When he had finished, he talked to me a little about the story, and confided to me that he intended this, "The Cripple," to be his last. He was very much pleased with it; he thought it summed up all his methods, and that in a certain sense it presented symbolically his lesson, his imaginative message, to mankind. The reader may not recollect this story, since it is far from being the best known of Andersen's tales; nor is it really one of the most characteristic, for there is nothing supernatural or fantastic about it. It has, therefore, not been included in this collection. It presents a little complicated episode of humble manners. A gardener and his wife have five children, of whom the eldest, a fine boy, has the misfortune to be a bed-ridden cripple. The parents, worthy, narrow people, live engrossed in their materialistic interests, and when some one from whom a present is expected gives the cripple a book, they ungraciously say to one another, "He won't get fat on that." But it is a book of fairy tales, and the boy's whole spiritual life is awakened by the vistas these open for him in every direction. He finds two simple and direct parables, which he reads over and over again to his parents, and their hearts, too, are humanized and melted. Finally, a little dark bird, like the Emperor of China's nightingale, is presented to him, and in a supreme nervous effort to save its life the cripple regains the use of his own limbs. In this story Andersen intended to sum up the defense of fairy tales and of their teller. It was to be a sort of apologia for his whole poetical career, and he told me that it would be the latest of his writings. In this matter his mind afterward changed, for later in the same year, 1872, he composed " Auntie Toothache," inspired by his own sufferings, and it is with this story that the long series of his fairy tales ultimately closed with the original.

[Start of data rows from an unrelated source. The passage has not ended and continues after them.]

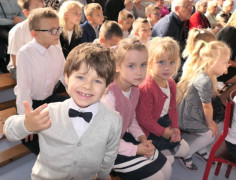 Grupa dzieci siedząca obok siebie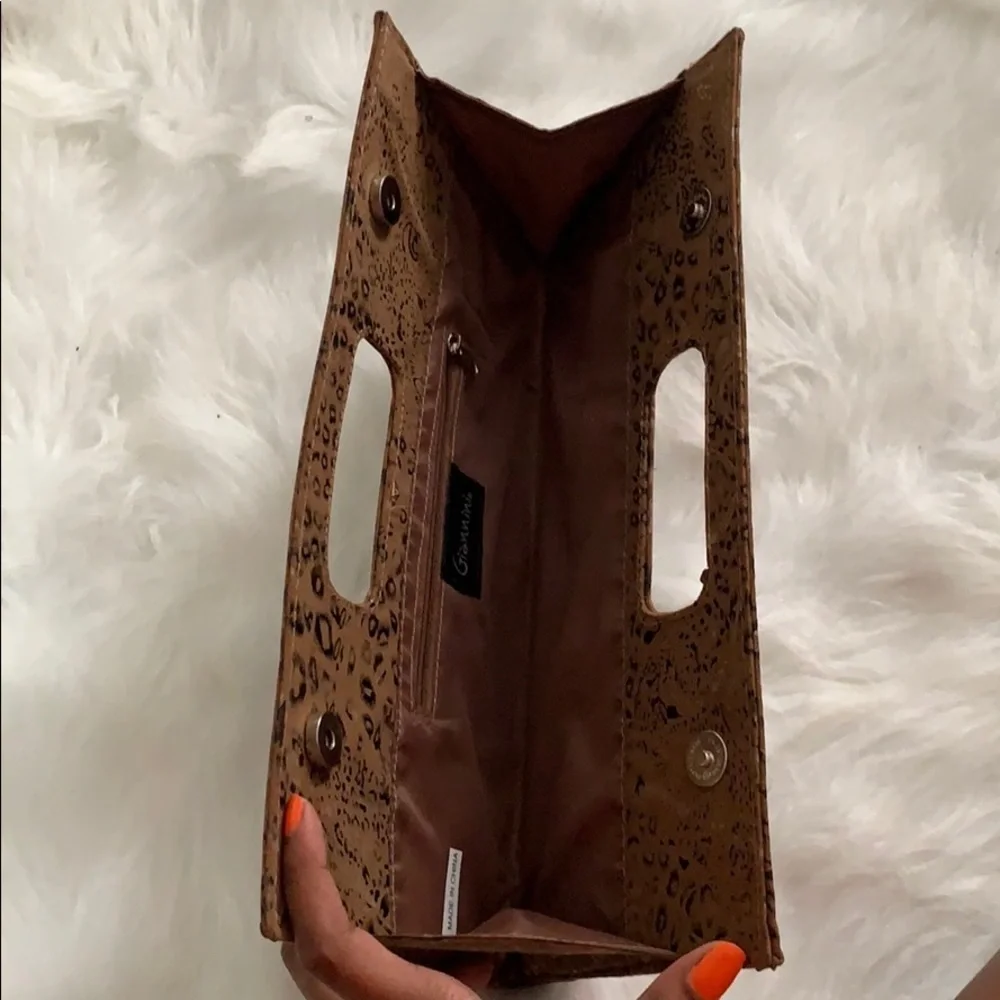Fashion Clutch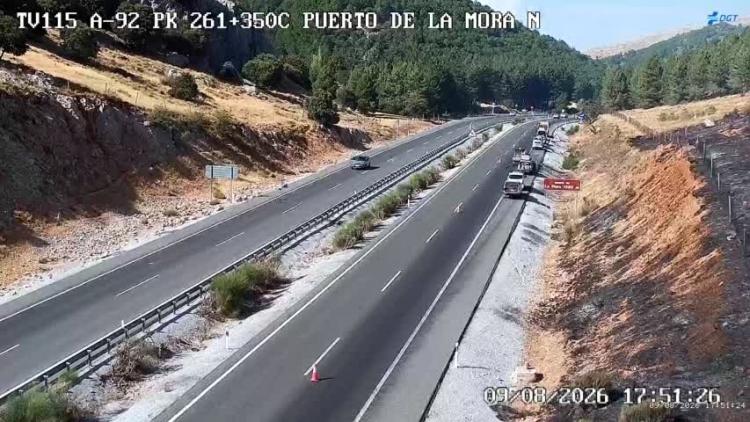 Punto junto a la A-92, en el Puerto de la Mora, donde ha comenzado el incendio.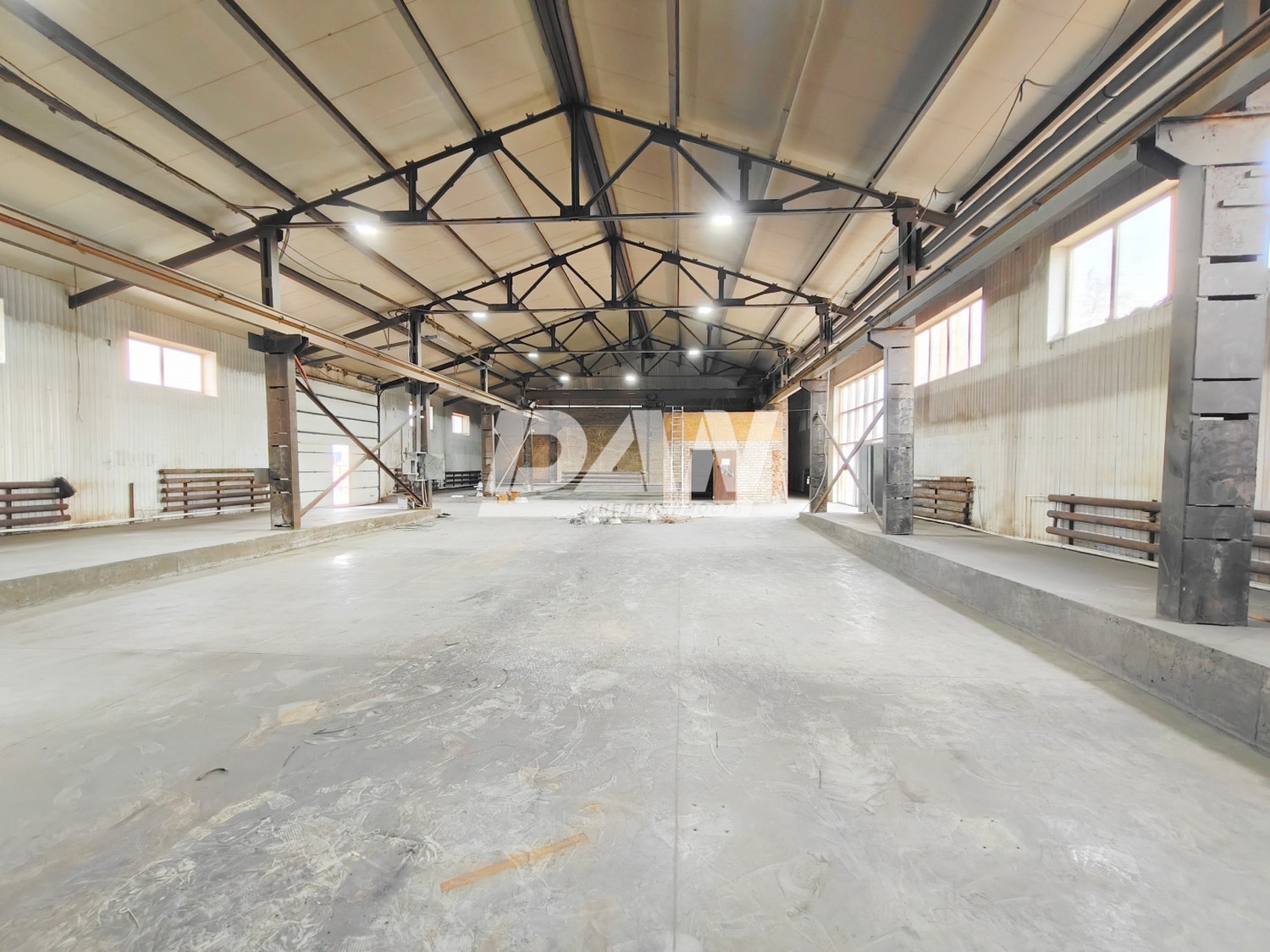 Помещение свободного назначения 648 м²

He gradually realized that his work was done. In a most pathetic letter to me, on New Year's Day, 1875, he admitted that we must look for nothing more, that his bag of magic was emptied. After a long illness, however, his physical health seemed in large measure restored, and at the completion of his seventieth year, great festivities were arranged at Copenhagen and at Odense. The whole nation, from the Royal family down to the peasants in the country villages, kept Andersen's birthday as a holiday, and this attention soothed and pleased him. But his vital energy was now fast ebbing. He began to suffer great torture from an obscure complaint which puzzled the doctors. It was interesting that when he was dying Andersen expressed a curiosity to study the ancient Indian fables which are identified with the mythical name of Bidpai, and the death-bed of the greatest modern fabulist was strewn with translations and commentaries of his earliest fellow-craftsman of Hindustan. At last, on the 4th of August, 1875, he fell asleep in the room at Rolighed, where we were sitting when he read me "The Cripple" three years before. And out of that peaceful slumber he never woke again. His laborious and beautiful life had been the most enchanting of his fairy tales. It closed at last in honor and serenity. It will probably be centuries before Europe sees again a man in whom the same peculiar qualities of imagination are blended. She can never see one more blameless in his life, or inspired by an aim more delicate and guileless.

Edmund Gosse.

  1. For the facts of Andersen's life, the reader may be referred to Mr. R. Nisbet Bain's excellent "Biography," 1895, a work collected entirely from Danish sources.